Kariyer için ev yapımı ticaret yaptığımızda, dolaylı olarak ekonomik bağımsızlık ve dünyevi etki vaat ettik. Ama günlük yaşam açısından ortaya çıktığı bir pazarlığın şeytanı. Sıcak ekmek yükselen aromasından, beslenme rutinlerinin ölçülen hızından, ailelerimizin zevklerini ve yaşamı şekillendirmenin yaratıcı görevinden vazgeçtik; Minivan ve öğle yemeği karşılığında aldık.
(When we traded homemaking for careers, we were implicitly promised economic independence and worldly influence. But a devil of a bargain it has turned out to be in terms of daily life. We gave up the aroma of warm bread rising, the measured pace of nurturing routines, the creative task of molding our families' tastes and zest for life; we received in exchange the minivan and the Lunchable.)

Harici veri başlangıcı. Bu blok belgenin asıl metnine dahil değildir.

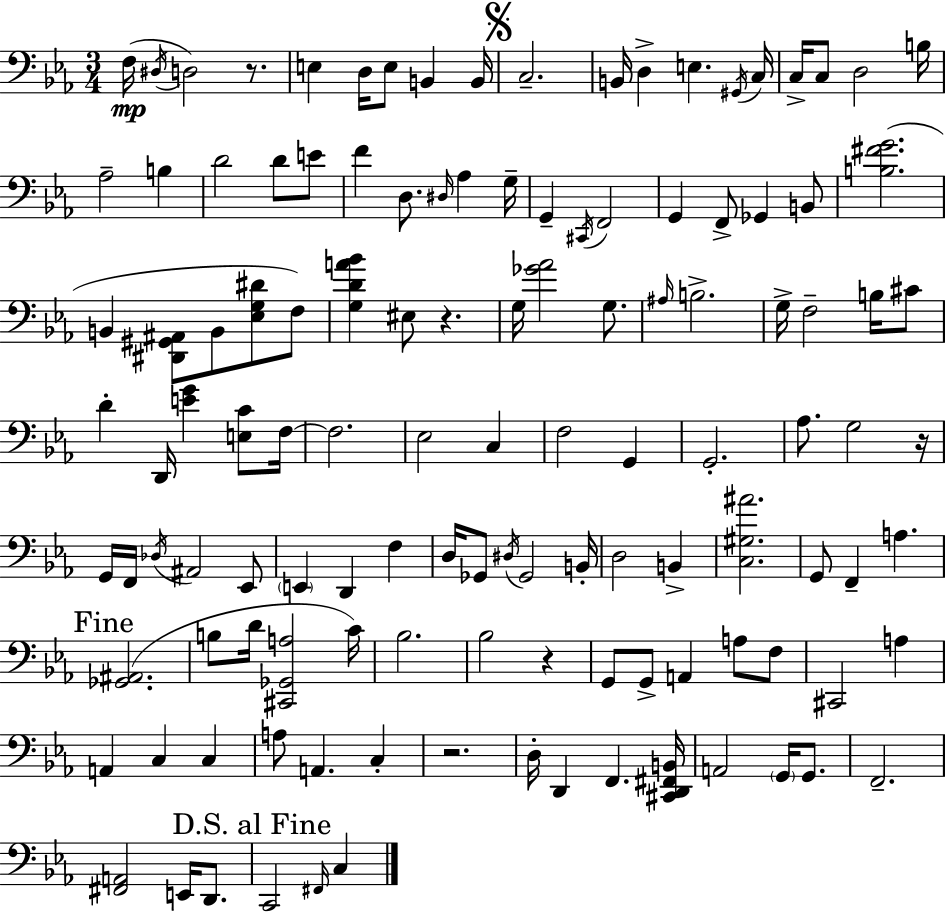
F3/s D#3/s D3/h R/e. E3/q D3/s E3/e B2/q B2/s C3/h. B2/s D3/q E3/q. G#2/s C3/s C3/s C3/e D3/h B3/s Ab3/h B3/q D4/h D4/e E4/e F4/q D3/e. D#3/s Ab3/q G3/s G2/q C#2/s F2/h G2/q F2/e Gb2/q B2/e [B3,F#4,G4]/h. B2/q [D#2,G#2,A#2]/e B2/e [Eb3,G3,D#4]/e F3/e [G3,D4,A4,Bb4]/q EIS3/e R/q. G3/s [Gb4,Ab4]/h G3/e. A#3/s B3/h. G3/s F3/h B3/s C#4/e D4/q D2/s [E4,G4]/q [E3,C4]/e F3/s F3/h. Eb3/h C3/q F3/h G2/q G2/h. Ab3/e. G3/h R/s G2/s F2/s Db3/s A#2/h Eb2/e E2/q D2/q F3/q D3/s Gb2/e D#3/s Gb2/h B2/s D3/h B2/q [C3,G#3,A#4]/h. G2/e F2/q A3/q. [Gb2,A#2]/h. B3/e D4/s [C#2,Gb2,A3]/h C4/s Bb3/h. Bb3/h R/q G2/e G2/e A2/q A3/e F3/e C#2/h A3/q A2/q C3/q C3/q A3/e A2/q. C3/q R/h. D3/s D2/q F2/q. [C#2,D2,F#2,B2]/s A2/h G2/s G2/e. F2/h. [F#2,A2]/h E2/s D2/e. C2/h F#2/s C3/q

Geleneksel ev yapımından kariyerleri takip etmeye geçerken, kadınlar toplumda ekonomik bağımsızlık ve daha fazla etki kazanacaklarına inanmaya yönlendirildi. Bununla birlikte, bu geçiş günlük yaşam için önemli bir maliyete sahiptir. Taşarez, geliştirme vaatlerini karşılamamıştır; Bunun yerine, bir zamanlar sevilen aile hayatının birçok besleyici ve yaratıcı yönünü ortadan kaldırdı.
Yapılan fedakarlıklar, rahatlatıcı yerli ritüellerin kaybını ve aile yemekleri ve ev hayatına katılım yoluyla teşvik edilen derin bağlantıları içeriyor. Bu doyurucu deneyimler karşılığında, aileler kendilerini fast food ve aşırı işlenmiş yemekler gibi kolaylıklar benimsediklerini, ancak yüzeysel bir ihtiyaçların karşılığını gösteren ancak ev yapımı yemeklerin sıcaklığından ve memnuniyetinden yoksundur.